INFORMATION SHOWN:
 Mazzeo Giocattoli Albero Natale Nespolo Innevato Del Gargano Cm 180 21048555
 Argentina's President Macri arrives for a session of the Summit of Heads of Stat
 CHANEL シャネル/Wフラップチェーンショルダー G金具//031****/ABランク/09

--

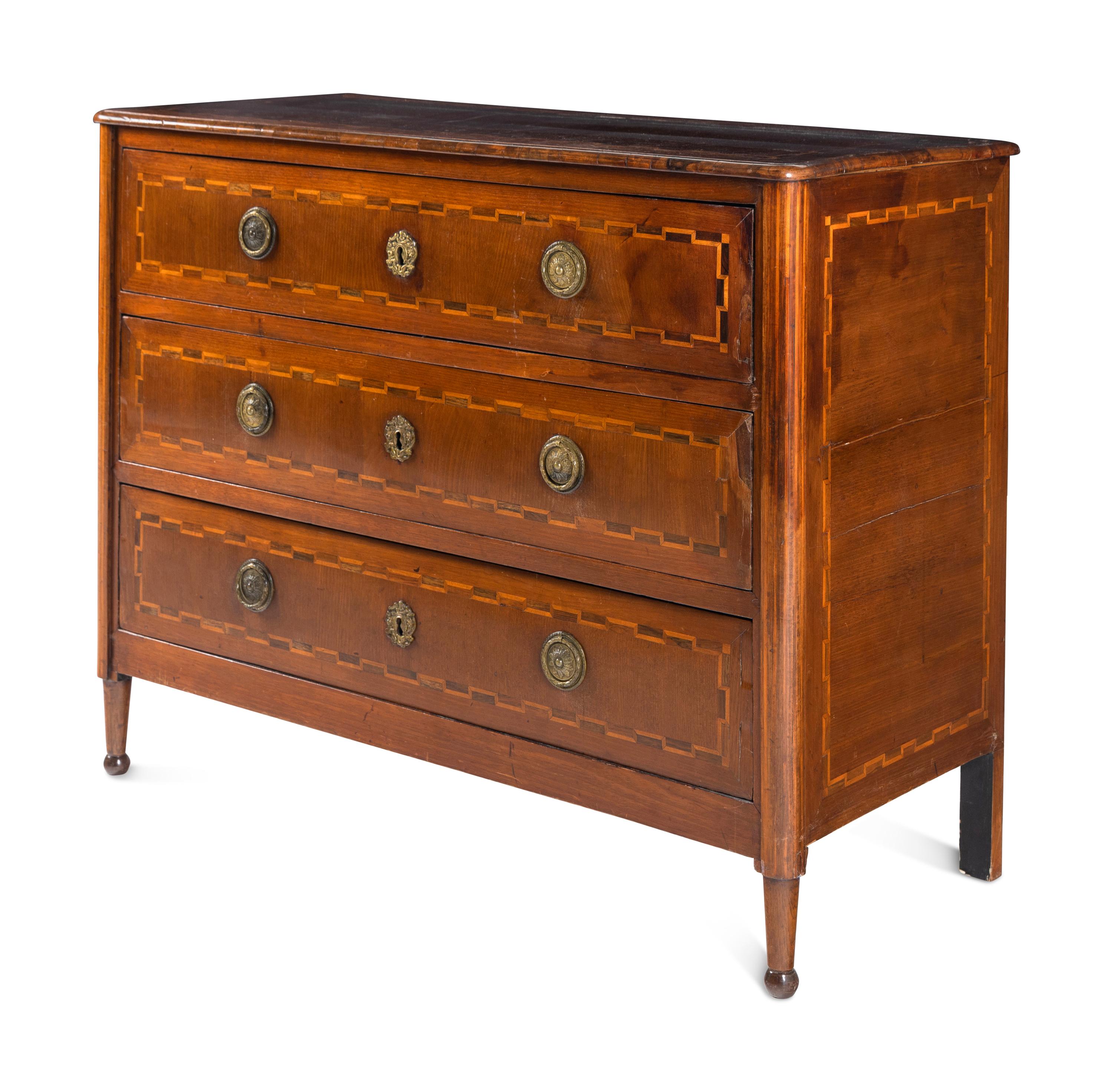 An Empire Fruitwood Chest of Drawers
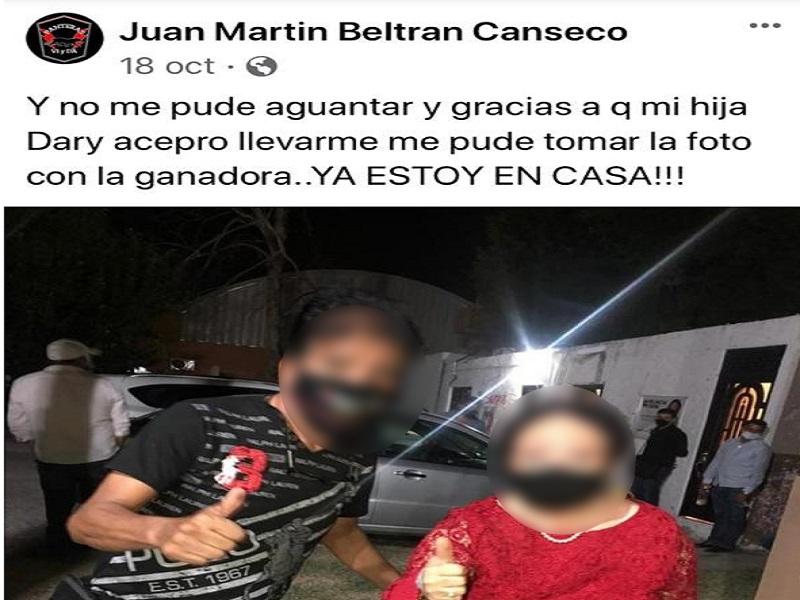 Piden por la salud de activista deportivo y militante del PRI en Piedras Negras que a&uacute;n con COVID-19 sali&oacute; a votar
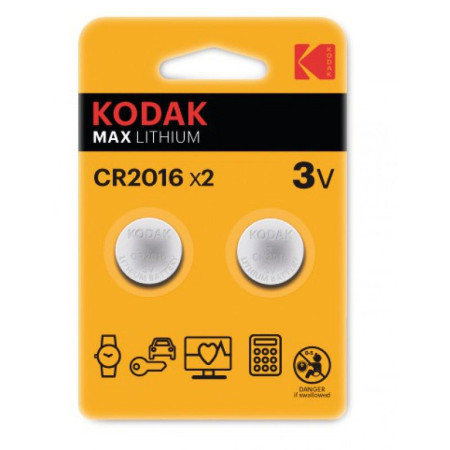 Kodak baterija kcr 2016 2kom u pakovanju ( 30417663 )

PROBLEM DESCRIPTION: Could you write out, exactly as they stand, only the lines above that begin at the line with "Mazzeo Giocattoli Albero" and stop after the line with "CHANEL シャネル/Wフラップチェーンショルダー G金具//031****/ABランク/09"?

TASK SOLUTION:
 Mazzeo Giocattoli Albero Natale Nespolo Innevato Del Gargano Cm 180 21048555
 Argentina's President Macri arrives for a session of the Summit of Heads of Stat
 CHANEL シャネル/Wフラップチェーンショルダー G金具//031****/ABランク/09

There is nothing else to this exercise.